Source data ▸

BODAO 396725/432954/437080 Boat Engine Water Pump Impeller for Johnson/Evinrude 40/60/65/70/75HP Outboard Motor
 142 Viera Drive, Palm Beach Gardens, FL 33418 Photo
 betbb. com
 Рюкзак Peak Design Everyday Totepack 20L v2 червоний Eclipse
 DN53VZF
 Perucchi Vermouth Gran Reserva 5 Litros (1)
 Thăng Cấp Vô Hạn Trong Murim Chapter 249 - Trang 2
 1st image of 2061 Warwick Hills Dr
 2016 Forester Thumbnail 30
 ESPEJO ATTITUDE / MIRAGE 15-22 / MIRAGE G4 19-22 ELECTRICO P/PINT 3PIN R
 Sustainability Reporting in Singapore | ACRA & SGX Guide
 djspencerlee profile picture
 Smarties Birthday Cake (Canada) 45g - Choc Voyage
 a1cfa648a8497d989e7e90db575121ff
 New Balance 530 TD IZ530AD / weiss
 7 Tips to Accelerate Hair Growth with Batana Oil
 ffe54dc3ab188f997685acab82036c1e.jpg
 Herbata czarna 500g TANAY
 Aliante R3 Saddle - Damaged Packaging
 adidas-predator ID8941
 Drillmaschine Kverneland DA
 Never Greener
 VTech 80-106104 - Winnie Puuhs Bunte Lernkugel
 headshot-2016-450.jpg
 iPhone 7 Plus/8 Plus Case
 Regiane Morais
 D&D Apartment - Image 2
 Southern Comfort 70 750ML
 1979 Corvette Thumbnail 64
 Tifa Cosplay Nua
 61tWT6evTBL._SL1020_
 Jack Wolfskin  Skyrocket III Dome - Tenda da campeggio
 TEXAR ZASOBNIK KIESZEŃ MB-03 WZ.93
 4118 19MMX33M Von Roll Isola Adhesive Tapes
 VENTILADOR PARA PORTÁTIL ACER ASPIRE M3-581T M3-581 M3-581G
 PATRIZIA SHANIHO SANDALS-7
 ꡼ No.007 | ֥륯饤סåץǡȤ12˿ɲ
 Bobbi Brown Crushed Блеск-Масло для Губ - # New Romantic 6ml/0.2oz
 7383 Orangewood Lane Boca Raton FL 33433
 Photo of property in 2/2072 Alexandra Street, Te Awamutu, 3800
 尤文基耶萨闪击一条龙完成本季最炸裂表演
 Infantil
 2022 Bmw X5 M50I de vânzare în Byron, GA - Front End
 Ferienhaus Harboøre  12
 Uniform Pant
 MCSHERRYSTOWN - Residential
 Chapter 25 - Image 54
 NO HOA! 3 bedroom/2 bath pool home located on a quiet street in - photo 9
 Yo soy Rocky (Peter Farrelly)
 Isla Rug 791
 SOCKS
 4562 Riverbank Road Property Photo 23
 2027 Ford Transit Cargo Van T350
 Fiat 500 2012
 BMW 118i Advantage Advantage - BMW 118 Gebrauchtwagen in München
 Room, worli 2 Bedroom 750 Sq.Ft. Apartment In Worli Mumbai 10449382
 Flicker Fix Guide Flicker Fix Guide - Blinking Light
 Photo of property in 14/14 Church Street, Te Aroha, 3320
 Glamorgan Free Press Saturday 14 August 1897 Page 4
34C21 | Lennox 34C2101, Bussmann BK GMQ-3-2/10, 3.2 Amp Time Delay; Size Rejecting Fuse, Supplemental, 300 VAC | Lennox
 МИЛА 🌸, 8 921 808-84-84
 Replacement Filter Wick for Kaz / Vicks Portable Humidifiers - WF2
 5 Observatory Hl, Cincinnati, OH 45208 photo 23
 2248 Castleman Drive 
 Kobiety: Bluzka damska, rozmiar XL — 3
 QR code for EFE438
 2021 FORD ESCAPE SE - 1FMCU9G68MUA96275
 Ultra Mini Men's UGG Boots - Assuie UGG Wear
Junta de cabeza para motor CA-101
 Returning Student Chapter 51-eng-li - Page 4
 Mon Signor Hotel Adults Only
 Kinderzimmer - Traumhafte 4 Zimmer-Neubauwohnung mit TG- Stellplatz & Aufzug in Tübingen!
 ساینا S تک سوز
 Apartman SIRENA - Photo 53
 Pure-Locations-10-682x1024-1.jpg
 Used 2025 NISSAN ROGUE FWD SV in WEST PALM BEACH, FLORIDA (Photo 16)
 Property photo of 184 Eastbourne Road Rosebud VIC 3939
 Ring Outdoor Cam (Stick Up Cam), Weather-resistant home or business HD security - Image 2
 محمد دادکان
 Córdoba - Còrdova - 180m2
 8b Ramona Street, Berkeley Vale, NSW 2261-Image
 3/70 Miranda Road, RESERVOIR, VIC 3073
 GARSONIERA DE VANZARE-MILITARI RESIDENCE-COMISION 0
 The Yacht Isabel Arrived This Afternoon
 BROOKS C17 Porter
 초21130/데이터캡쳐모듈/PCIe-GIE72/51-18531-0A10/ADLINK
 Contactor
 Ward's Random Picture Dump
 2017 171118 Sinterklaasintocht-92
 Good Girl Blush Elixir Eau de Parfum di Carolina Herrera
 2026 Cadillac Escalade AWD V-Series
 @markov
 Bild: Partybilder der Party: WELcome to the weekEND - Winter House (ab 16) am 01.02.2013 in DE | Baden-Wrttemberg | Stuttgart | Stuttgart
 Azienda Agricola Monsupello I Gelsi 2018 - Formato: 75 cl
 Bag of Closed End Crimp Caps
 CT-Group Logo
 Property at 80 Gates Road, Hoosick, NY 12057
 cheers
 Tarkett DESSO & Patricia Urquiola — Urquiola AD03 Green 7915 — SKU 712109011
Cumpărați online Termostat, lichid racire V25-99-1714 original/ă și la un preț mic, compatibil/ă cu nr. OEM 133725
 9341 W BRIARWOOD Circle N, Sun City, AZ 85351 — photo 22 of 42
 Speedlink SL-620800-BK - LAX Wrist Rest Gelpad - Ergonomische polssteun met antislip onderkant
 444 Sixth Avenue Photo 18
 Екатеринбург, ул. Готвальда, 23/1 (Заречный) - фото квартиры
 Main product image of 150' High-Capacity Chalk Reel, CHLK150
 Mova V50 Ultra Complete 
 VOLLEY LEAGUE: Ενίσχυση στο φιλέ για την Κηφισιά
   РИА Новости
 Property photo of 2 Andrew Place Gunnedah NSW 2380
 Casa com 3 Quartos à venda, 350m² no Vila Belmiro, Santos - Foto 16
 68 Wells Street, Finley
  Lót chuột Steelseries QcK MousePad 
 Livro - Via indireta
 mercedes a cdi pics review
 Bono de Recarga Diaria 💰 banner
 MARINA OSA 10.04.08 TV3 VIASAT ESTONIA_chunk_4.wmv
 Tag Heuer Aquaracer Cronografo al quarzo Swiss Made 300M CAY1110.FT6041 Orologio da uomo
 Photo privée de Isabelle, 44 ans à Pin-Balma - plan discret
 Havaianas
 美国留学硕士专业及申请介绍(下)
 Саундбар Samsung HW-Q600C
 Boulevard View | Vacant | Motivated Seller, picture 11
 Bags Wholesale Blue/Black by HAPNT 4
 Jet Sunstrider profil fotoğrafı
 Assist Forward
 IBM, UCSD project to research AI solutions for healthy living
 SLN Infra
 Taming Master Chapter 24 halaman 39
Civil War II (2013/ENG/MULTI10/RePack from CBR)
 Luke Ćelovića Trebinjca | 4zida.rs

Aim of the task ▸
Look through the entries above, find each line containing "Chapter", and copy it.

Result ▸
 Thăng Cấp Vô Hạn Trong Murim Chapter 249 - Trang 2
 Chapter 25 - Image 54
 Returning Student Chapter 51-eng-li - Page 4
 Taming Master Chapter 24 halaman 39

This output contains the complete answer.